It is argued seriously that we must presume that as Burnett was in his place he was in the due performance of his duties. He was in the exercise of due care in keeping and maintaining a constant lookout for persons or property in dangerous proximity to the railroad track. If we presume that fact, as appellant argues we should, must we not at the same time presume that Burnett saw Nelson approaching the crossing as the train proceeded *889 north? And if we enter upon these presumptions must we not also presume that he gave a proper signal or call to Ledbetter as soon as it became apparent that Nelson was dangerously near to the track, not checking his speed, that it was his apparent intention to cross in front of the train? There is no evidence of these facts. As stated, we are only asked to indulge the presumptions. According to Ledbetter, if Nelson's truck was observed as it approached the track, Burnett did not apprise Ledbetter of that fact. There is evidence of this slight curve in the track, two or three hundred feet south of this crossing, which might have made it impracticable, if not impossible for Ledbetter to observe Nelson's approach, but if that be true, Burnett's opportunities for such observation were accordingly increased. There was no obstruction between the approaching train and the truck, in a space of several hundred feet south or west of the railroad crossing. The opportunity for observation and the duty to see the approaching truck corresponded exactly with Nelson's opportunity and duty to see the approaching train.

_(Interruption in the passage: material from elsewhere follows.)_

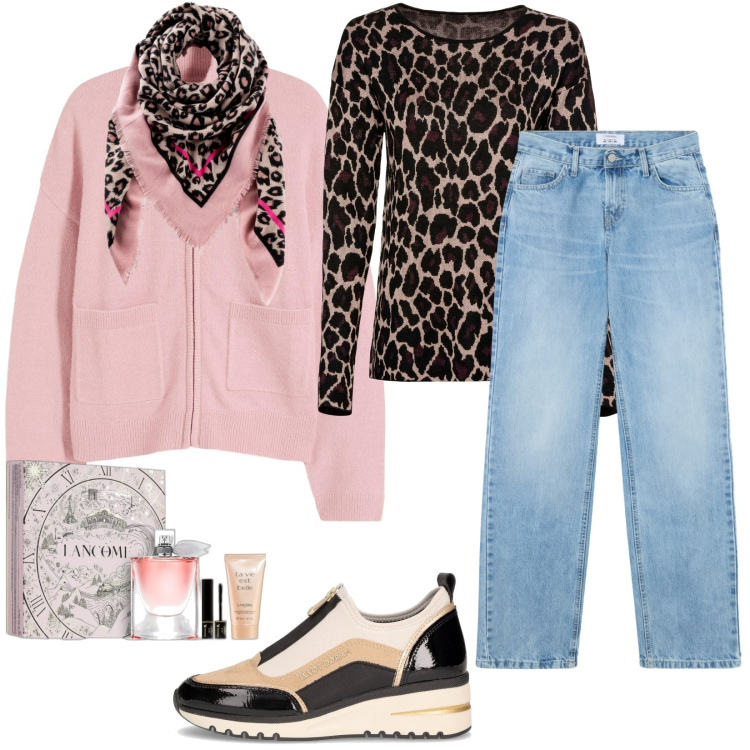 Outfit donna - Total look #2266241. Stile Casual per Tutti i giorni. Abbinamento con foulard, maglieria, cardigans, profumi, jeans dritti, sneakers alte.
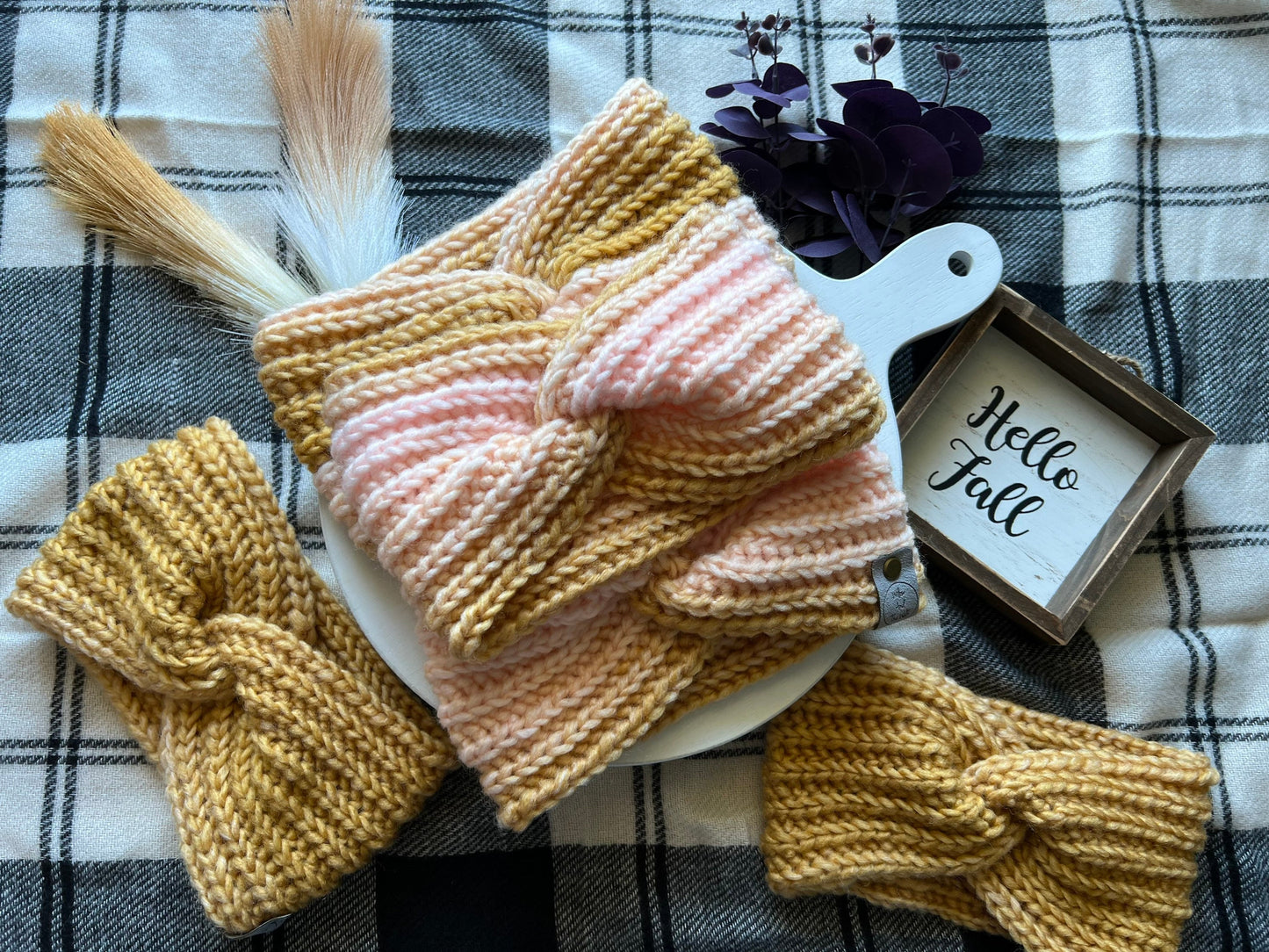 Ava Earwarmer Knit Headband. Women’s Knit Earwarmer. Blush and Gold Winter Headband.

Nelson's right upon the highway, as he drove in a northeasterly direction, was not different, either less or greater, than the right of the railroad company in the use of its tracks for the operation of its trains. However, Nelson knew, as everybody knows, that although the correlative rights of those upon the highway and the train at grade crossings are equal, trains are confined to the rails; that on account of their enormous weight and the necessarily high speed of modern transportation they are much more difficult to control, and, hence, those who occupy or use the highways at grade crossings must not ignore facts so patent and dangers so obvious as to make every railroad track a danger signal.

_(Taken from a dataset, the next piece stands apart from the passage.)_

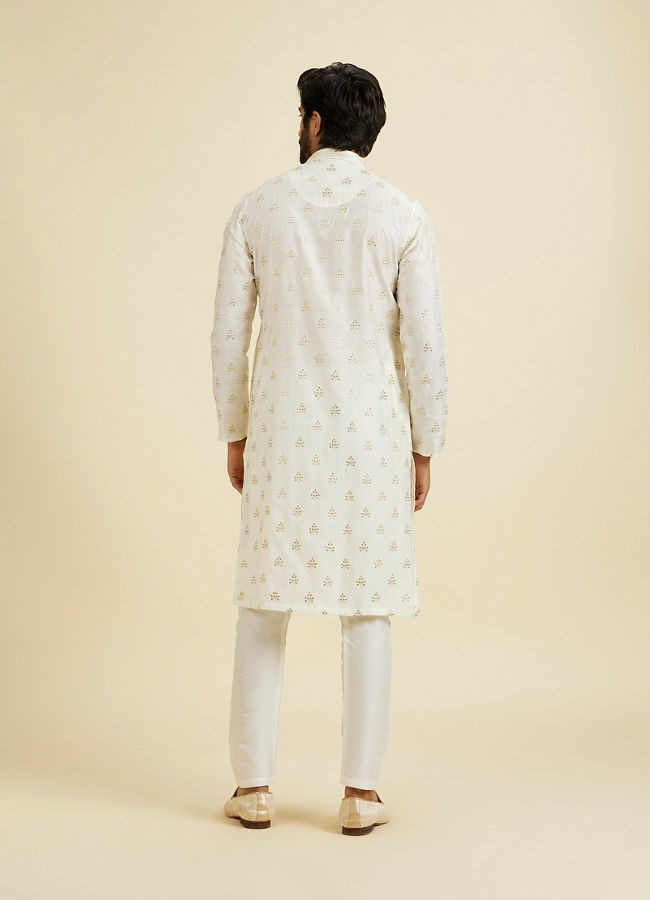 Manyavar Men Warm White Elegance Kurta Pajama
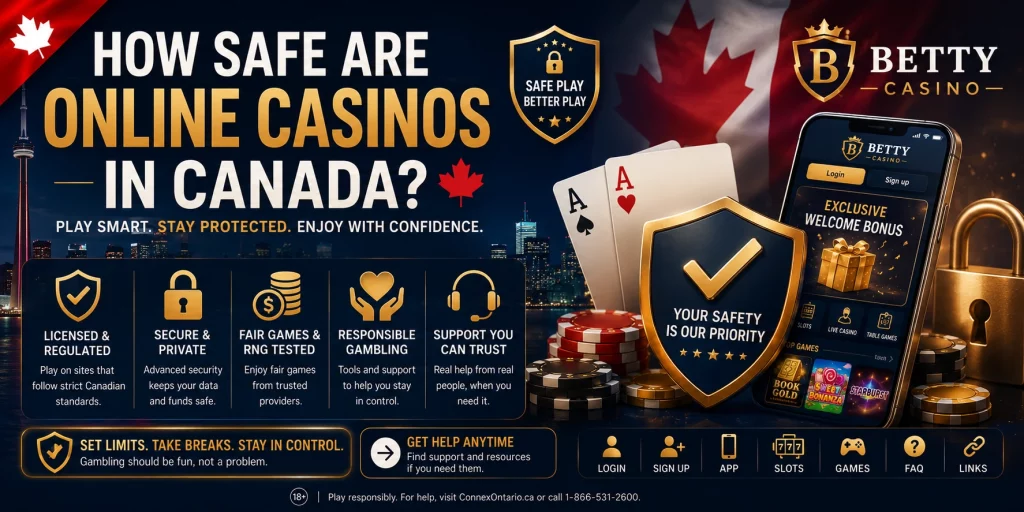 How Safe Are Online Casinos in Canada banner with secure online casino concept, Canadian player protection theme, luxury casino elements, and responsible gambling design for Betty Casino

The foregoing comments are made as the writer conceives rights to exist and continue independent of statutes. While those natural rights and obligations may not be increased by reason of statutory regulation, liabilities of the railroads, no doubt, have been increased by what is called the lookout statute as follows: "Section 11144. Duty of trainmen — burden of proof. It shall be the duty *890 of all persons running trains in this state upon any railroad to keep a constant lookout for persons and property upon the track of any and all railroads, and if any person or property shall be killed or injured by the neglect of any employee of any railroad to keep such lookout, the company owning or operating any such railroad shall be liable and responsible to the person injured for all damages resulting from neglect to keep such lookout, notwithstanding the contributory negligence of the person injured, where, if such lookout had been kept, the employee or employees in charge of such train of such company could have discovered the peril of the person injured in time to have prevented the injury by the exercise of reasonable care after the discovery of such peril, and the burden of proof shall devolve upon such railroad to establish the fact that this duty to keep such lookout has been performed." Section 11144, Pope's Digest.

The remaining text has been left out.